→ **About this exercise**
The records are to be repeated in full, with the images removed.

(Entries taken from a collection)
[Start of Attachment]

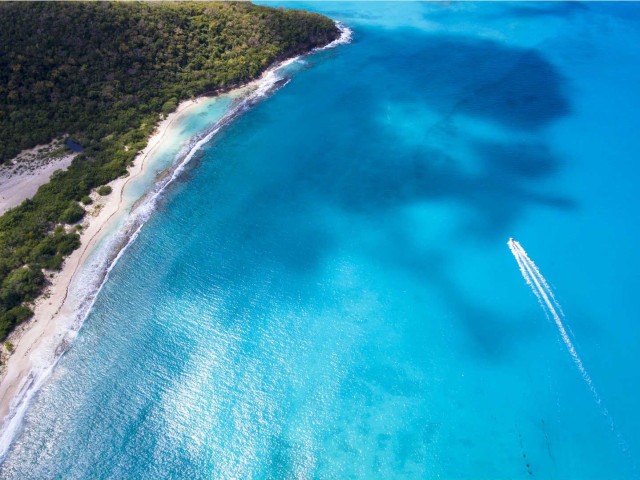 Massive 161 Hectare Plot of Land for Sale in Antigua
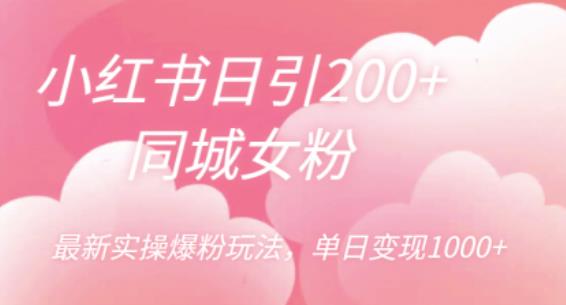 小红书日引200+同城女粉，最新实操爆粉玩法，单日变现1000+【揭秘】-零点项目大全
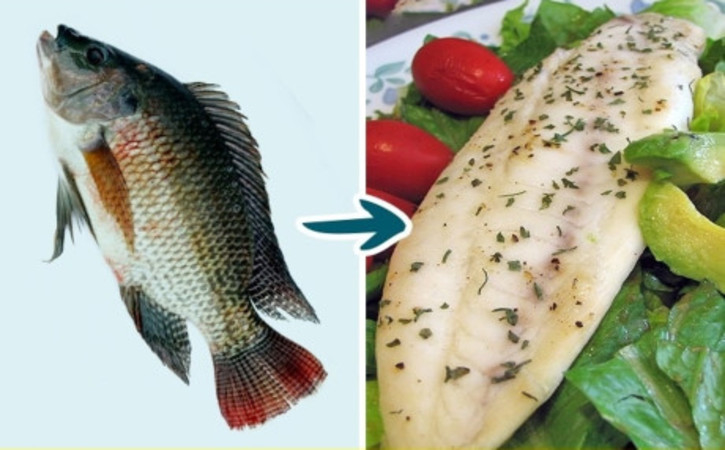 Cá rô phi ăn tạp chất nhiều vi khuẩn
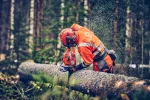 Motorna testera Husqvarna 560 XP® Mark II - Slika 5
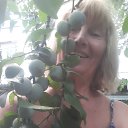 ���� �������, ������, 58 ��� - ��������� 3 �������� 2023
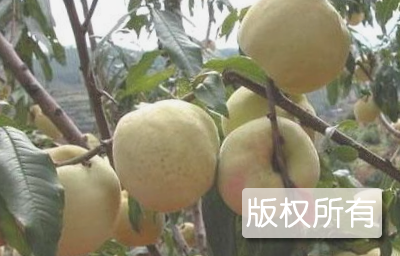 冬青桃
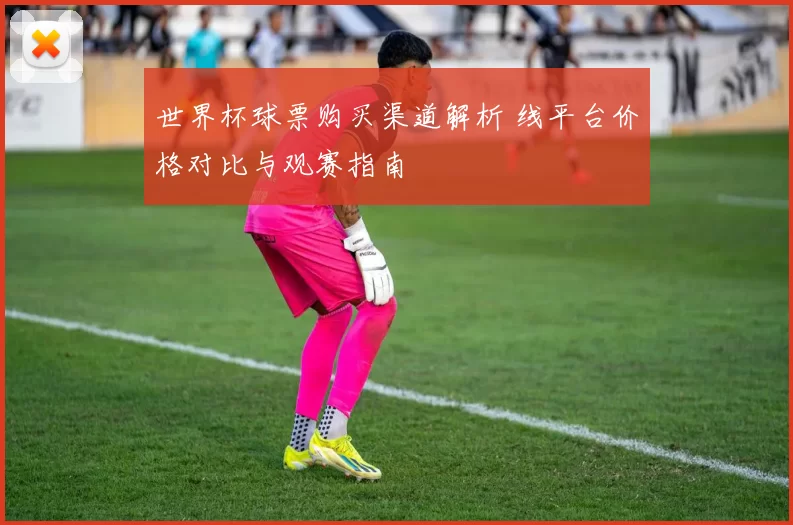 世界杯球票购买渠道解析 线平台价格对比与观赛指南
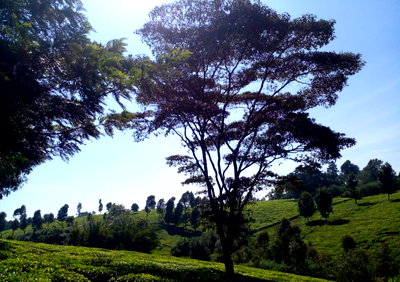 5-Acre Tea Plantation in Kiambu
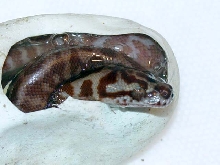 IJCP Hatchling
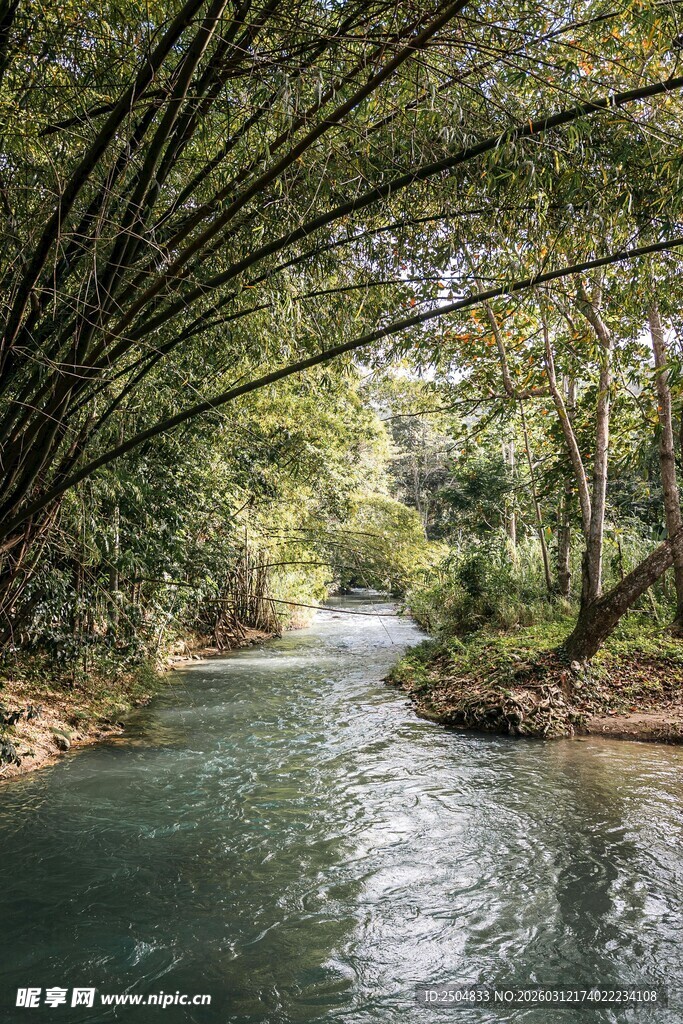 清幽竹林间的潺潺溪流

[End of Attachment]

→ **Task output**
 Massive 161 Hectare Plot of Land for Sale in Antigua
 小红书日引200+同城女粉，最新实操爆粉玩法，单日变现1000+【揭秘】-零点项目大全
 Cá rô phi ăn tạp chất nhiều vi khuẩn
 Motorna testera Husqvarna 560 XP® Mark II - Slika 5
 ���� �������, ������, 58 ��� - ��������� 3 �������� 2023
 冬青桃
 世界杯球票购买渠道解析 线平台价格对比与观赛指南
 5-Acre Tea Plantation in Kiambu
 IJCP Hatchling
 清幽竹林间的潺潺溪流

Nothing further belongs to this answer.